## [WHAT THE TASK ASKS]
A verbatim repeat of the lines below is required, with the pictures removed.

## [SOURCE MATERIAL]
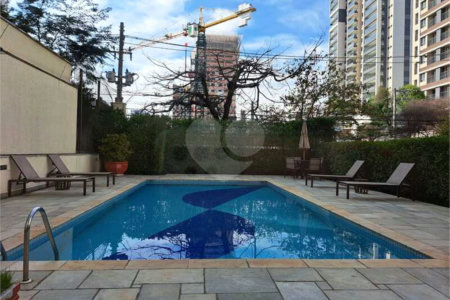 Apartamento à venda com 4 suítes em Campo Belo, São Paulo, SP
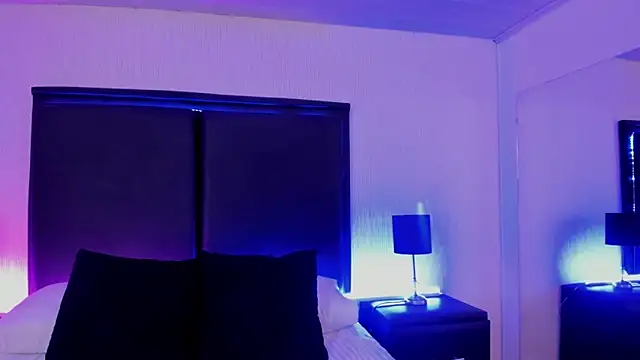 LilithBluum online show from April 14, 2026, 6:58 pm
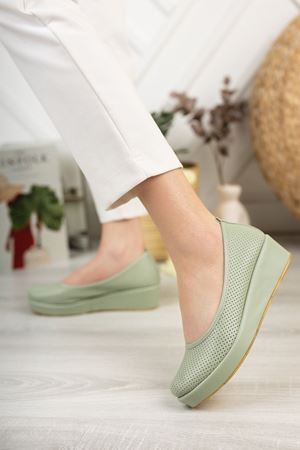 May; Mint Yeşil, 5 Cm Dolgu Topuklu Delikli Babet Ayakkabı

## [YOUR SOLUTION]
 Apartamento à venda com 4 suítes em Campo Belo, São Paulo, SP
 LilithBluum online show from April 14, 2026, 6:58 pm
 May; Mint Yeşil, 5 Cm Dolgu Topuklu Delikli Babet Ayakkabı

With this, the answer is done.